WORK TO COMPLETE:
In the records below, find the line containing "Russia Standard Plug" and transcribe it and every line after it exactly; leave the pictures out.

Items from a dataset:

=== Begin Enclosure ===

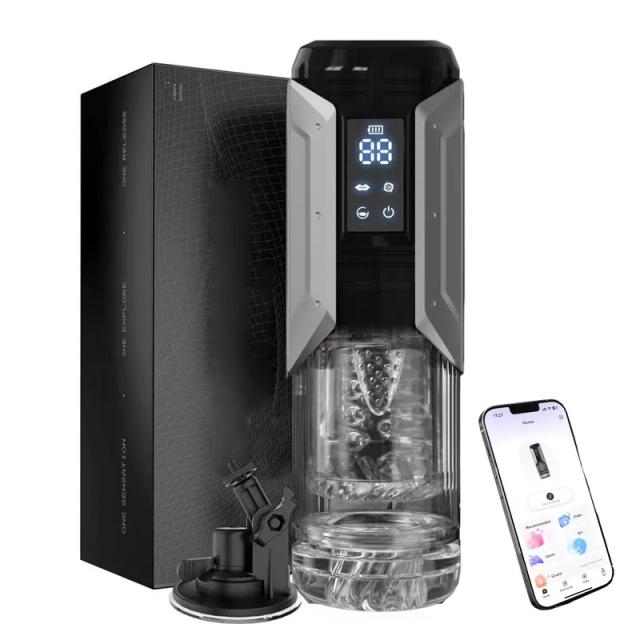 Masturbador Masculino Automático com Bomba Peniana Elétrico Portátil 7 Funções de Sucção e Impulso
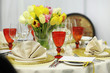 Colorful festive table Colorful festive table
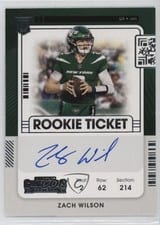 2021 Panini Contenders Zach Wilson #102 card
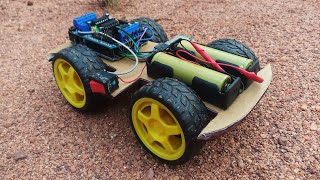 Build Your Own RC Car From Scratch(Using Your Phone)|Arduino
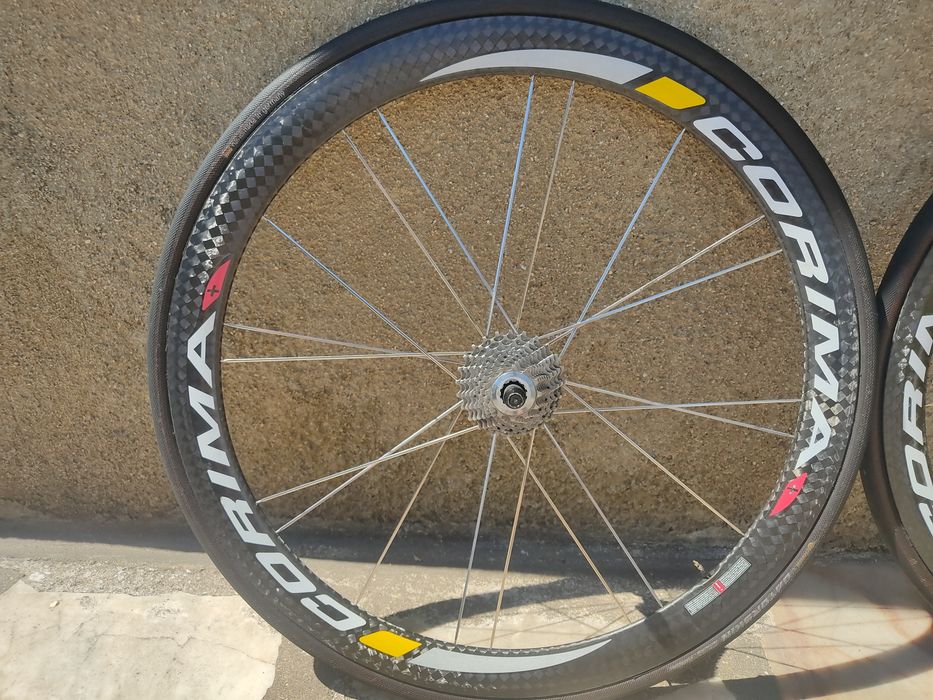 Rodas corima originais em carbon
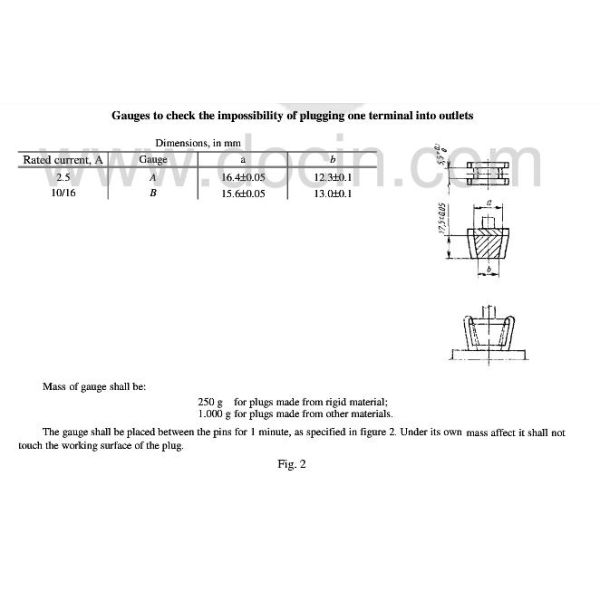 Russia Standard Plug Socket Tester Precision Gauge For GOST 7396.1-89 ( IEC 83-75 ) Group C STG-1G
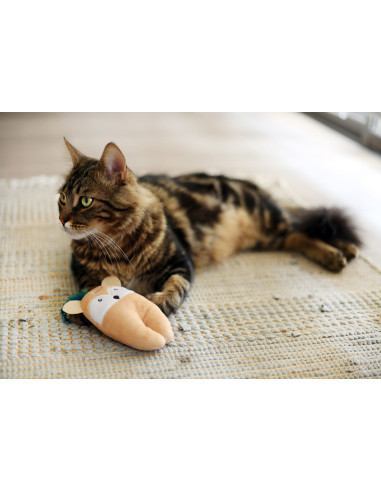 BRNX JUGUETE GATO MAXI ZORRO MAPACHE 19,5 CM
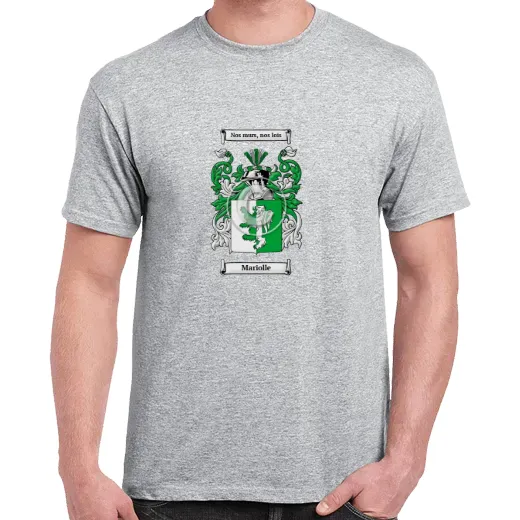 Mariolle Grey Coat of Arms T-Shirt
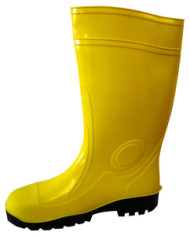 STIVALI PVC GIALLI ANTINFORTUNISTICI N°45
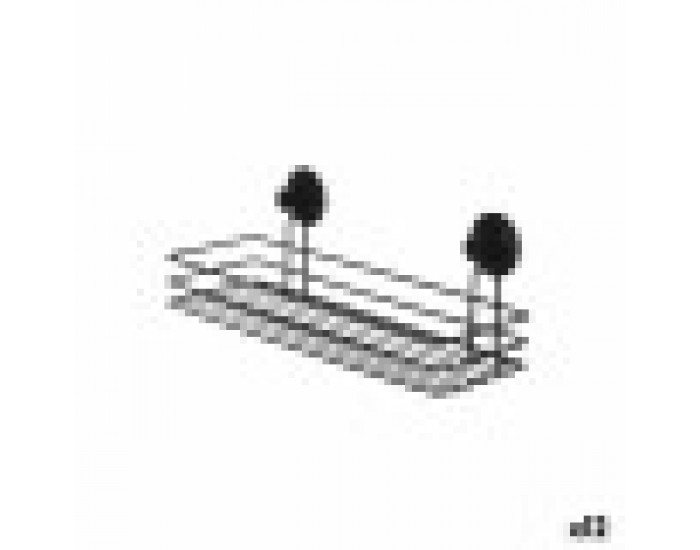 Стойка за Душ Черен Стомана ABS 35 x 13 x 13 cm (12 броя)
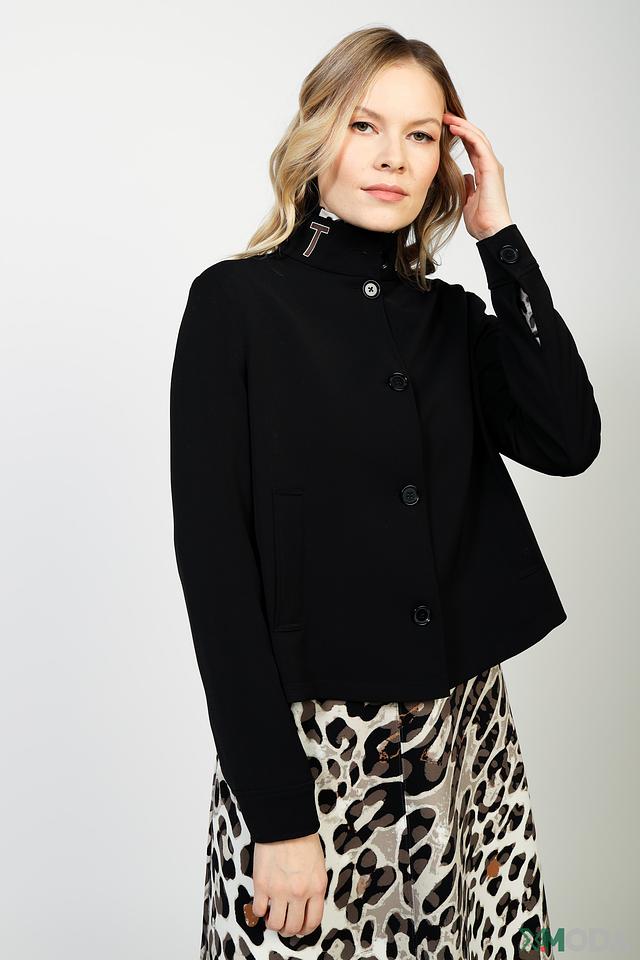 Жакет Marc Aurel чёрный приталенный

=== End Enclosure ===

PROBLEM SOLUTION:
 Russia Standard Plug Socket Tester Precision Gauge For GOST 7396.1-89 ( IEC 83-75 ) Group C STG-1G
 BRNX JUGUETE GATO MAXI ZORRO MAPACHE 19,5 CM
 Mariolle Grey Coat of Arms T-Shirt
 STIVALI PVC GIALLI ANTINFORTUNISTICI N°45
 Стойка за Душ Черен Стомана ABS 35 x 13 x 13 cm (12 броя)
 Жакет Marc Aurel чёрный приталенный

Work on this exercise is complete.